+++ SUPPLIED DATA

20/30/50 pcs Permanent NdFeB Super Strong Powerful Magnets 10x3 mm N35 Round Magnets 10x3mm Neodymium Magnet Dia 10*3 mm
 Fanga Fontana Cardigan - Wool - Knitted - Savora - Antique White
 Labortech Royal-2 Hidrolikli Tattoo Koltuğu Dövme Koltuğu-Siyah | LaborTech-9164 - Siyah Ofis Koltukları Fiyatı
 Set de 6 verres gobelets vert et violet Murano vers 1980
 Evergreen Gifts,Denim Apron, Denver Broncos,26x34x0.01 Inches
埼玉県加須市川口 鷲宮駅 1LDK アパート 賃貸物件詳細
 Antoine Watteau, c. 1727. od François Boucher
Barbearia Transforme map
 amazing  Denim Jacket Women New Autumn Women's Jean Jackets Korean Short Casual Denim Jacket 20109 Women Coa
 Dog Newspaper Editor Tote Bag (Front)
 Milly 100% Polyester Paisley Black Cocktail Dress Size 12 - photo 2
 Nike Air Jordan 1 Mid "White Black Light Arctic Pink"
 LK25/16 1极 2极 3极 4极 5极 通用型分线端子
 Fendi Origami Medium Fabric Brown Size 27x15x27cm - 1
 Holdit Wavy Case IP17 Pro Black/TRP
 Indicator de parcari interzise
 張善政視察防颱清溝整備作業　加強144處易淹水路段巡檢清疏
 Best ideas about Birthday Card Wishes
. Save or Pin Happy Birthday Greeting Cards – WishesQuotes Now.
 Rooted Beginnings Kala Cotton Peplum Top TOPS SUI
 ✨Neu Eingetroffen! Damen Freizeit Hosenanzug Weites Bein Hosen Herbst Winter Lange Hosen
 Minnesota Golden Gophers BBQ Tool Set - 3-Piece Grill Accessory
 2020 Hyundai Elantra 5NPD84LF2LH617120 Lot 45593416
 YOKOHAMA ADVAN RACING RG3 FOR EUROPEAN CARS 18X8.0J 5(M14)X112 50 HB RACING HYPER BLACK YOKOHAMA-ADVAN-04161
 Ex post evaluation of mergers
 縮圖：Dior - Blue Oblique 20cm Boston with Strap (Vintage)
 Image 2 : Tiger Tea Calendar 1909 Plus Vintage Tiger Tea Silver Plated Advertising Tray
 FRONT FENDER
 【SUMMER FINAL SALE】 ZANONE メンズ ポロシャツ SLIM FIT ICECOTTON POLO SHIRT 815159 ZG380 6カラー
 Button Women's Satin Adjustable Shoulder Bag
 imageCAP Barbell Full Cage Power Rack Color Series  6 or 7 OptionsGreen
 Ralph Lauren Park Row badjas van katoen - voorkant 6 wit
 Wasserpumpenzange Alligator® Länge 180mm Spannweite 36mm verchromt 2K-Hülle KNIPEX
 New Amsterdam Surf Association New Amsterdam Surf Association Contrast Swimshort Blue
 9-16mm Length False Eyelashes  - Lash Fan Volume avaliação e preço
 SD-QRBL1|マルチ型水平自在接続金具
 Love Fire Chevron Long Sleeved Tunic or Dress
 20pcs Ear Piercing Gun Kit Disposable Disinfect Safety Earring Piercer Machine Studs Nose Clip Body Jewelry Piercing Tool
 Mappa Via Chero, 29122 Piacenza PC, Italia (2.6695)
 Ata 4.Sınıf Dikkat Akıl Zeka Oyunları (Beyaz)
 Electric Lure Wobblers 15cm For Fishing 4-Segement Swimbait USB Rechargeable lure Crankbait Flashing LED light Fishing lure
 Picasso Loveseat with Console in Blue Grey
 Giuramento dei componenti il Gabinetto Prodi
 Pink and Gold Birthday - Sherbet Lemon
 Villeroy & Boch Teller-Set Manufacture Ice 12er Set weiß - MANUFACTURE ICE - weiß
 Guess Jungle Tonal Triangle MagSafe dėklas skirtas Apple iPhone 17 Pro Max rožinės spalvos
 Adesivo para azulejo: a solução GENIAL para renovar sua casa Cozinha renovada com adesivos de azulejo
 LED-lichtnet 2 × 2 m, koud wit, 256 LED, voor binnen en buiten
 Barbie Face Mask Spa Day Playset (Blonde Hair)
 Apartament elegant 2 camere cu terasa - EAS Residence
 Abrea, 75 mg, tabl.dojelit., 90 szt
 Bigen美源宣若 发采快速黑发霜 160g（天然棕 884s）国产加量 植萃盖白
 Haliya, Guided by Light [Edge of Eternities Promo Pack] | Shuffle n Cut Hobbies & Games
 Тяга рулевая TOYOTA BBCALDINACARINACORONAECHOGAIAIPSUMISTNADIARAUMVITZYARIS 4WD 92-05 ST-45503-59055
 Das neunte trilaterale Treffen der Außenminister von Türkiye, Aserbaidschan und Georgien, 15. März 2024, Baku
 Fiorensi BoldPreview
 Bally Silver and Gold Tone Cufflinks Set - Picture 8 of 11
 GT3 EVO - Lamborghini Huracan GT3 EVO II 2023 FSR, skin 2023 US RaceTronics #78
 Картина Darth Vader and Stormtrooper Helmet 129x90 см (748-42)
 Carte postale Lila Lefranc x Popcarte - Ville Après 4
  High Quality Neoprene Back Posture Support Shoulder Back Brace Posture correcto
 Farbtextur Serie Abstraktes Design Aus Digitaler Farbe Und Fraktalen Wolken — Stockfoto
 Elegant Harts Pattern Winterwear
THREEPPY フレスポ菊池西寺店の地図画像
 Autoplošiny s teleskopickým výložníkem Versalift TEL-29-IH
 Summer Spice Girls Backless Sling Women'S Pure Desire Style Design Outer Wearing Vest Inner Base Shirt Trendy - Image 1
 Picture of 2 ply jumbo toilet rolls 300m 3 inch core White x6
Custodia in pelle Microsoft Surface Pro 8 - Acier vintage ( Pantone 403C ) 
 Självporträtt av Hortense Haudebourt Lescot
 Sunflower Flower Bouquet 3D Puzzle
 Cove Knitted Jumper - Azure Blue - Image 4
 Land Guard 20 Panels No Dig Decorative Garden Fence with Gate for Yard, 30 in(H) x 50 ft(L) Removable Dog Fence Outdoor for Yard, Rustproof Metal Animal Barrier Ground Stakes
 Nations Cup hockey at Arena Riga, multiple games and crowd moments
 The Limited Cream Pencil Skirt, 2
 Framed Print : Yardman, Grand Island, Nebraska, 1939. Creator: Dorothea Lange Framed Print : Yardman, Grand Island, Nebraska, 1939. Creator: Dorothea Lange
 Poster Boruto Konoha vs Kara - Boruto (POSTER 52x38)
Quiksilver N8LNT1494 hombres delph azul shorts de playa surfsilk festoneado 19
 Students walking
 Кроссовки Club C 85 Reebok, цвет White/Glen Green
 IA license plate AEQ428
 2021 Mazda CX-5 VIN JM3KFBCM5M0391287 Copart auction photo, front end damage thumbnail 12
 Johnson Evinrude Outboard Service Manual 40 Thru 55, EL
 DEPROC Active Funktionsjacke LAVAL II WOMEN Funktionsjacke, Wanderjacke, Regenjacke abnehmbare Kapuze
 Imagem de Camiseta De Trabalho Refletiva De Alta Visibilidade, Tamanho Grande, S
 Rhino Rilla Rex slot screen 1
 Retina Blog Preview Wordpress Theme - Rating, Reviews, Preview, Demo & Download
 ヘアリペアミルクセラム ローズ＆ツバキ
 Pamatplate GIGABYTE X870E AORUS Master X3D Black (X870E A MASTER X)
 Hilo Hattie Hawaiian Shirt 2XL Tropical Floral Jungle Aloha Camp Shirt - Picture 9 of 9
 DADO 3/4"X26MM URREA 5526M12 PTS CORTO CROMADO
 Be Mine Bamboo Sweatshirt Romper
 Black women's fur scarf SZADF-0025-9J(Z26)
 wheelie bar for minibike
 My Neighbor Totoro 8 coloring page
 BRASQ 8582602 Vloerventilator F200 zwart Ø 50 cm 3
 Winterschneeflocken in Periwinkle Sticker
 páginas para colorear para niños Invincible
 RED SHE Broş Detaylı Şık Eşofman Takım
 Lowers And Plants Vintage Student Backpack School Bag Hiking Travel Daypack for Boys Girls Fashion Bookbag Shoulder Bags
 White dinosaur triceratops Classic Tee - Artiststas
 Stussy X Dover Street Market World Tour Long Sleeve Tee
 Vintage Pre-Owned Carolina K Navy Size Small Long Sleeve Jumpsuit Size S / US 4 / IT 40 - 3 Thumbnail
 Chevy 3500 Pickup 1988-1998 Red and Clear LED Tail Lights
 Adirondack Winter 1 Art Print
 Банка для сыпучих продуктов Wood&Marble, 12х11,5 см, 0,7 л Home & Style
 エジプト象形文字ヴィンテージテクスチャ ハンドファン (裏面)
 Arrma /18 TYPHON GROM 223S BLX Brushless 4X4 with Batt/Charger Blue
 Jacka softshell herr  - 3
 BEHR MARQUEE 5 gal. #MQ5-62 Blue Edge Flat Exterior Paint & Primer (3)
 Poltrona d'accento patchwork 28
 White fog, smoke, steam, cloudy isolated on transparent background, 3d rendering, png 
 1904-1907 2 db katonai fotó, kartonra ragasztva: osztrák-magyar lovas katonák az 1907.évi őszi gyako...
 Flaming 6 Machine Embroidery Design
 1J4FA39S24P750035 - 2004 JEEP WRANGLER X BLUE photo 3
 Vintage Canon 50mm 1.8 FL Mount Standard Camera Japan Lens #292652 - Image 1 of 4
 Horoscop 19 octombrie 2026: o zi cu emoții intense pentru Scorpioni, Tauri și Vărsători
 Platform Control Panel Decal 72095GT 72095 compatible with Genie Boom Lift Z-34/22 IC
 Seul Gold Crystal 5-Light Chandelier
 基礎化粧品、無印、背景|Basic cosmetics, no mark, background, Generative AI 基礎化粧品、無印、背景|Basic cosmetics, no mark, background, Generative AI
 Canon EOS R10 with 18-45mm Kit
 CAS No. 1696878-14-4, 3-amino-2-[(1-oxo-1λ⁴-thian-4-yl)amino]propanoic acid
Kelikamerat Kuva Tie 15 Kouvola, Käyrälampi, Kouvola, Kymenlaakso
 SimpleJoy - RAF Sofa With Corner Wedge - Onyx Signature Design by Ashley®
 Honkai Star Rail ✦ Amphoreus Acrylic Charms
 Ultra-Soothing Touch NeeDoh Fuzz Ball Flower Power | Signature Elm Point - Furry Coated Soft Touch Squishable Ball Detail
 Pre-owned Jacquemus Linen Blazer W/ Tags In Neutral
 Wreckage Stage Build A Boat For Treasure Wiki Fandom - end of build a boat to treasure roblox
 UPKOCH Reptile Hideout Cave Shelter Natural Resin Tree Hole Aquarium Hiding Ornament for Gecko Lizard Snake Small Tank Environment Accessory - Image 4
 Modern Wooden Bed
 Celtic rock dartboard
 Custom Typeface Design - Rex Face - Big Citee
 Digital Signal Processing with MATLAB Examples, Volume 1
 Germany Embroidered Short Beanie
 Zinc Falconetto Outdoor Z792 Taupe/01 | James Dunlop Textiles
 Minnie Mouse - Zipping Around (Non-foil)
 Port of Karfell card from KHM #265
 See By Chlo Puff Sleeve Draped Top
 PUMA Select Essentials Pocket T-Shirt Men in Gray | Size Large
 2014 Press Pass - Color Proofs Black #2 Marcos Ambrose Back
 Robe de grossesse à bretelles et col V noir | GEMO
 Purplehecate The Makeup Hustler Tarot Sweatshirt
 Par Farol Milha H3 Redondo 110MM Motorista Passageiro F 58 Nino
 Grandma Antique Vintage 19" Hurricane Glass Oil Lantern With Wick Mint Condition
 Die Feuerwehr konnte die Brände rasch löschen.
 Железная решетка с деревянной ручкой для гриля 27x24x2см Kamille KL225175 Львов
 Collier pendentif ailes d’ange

++++++

EXERCISE: All lines above that include the word "Canon" should be located and copied.

REPLY TO THE EXERCISE:
 Vintage Canon 50mm 1.8 FL Mount Standard Camera Japan Lens #292652 - Image 1 of 4
 Canon EOS R10 with 18-45mm Kit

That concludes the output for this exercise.